I’m not the same person I used to be. Before her. Before cancer.
I’ve always been a bit of a worrier. I’m cautious by nature and I can easily fear the worst. But now I am living through the reality of one of my worst fears coming true. I lost a child. I lost my only daughter to cancer.
Two and a half years later my broken heart has healed a little bit. I don’t cry myself to sleep every night. I can smile. I can laugh. I can see all of God’s little miracles throughout her battle and even in her death. And while that might lessen the sting a little bit I am also left with the reality that not only have I lost my girl, I’ve also lost a lot of who I was.
Lately I have been dealing with a lot of anxiety. It’s a constant nervous feeling from deep within like I am just waiting for the other shoe to drop. Life has been going so well that the worrier within me is on high alert for all hell to break loose. It is not a good feeling!

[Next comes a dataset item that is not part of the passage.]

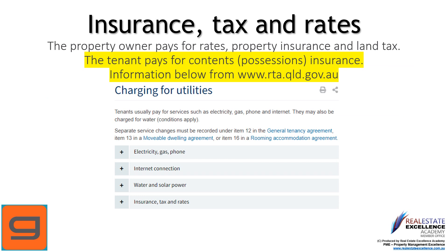During the tenancy, it is your responsibility to pay for your own contents and possessions insurance. Refer to the terms of the agreement in relation to electricity, gas, phone, internet, water, or solar power, to ensure you are aware of all your responsibilities and requirements for connections of such services for your use.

Before cancer my worries were pretty simple. Would Brett get the job? Where would we live? How would we raise our children?
After cancer I have an all consuming fear of losing the rest of my loved ones. I have a fear that our family will ultimately fall apart after holding it all together for so many years.
Where are these fears coming from? They aren’t rooted in any current reality. All I can do is take a deep breath and then fall to my knees in prayer. It has never been by my own strength that I have been able to carry on anyway. It shouldn’t be any different now.
My daughter was truly special. She changed my life forever and now her legacy lives on through this foundation and her family. But she is missed.We miss her every second of every single day no matter how big our smiles are. No matter how joyous the moment is, it’s always in our minds that she should be there too.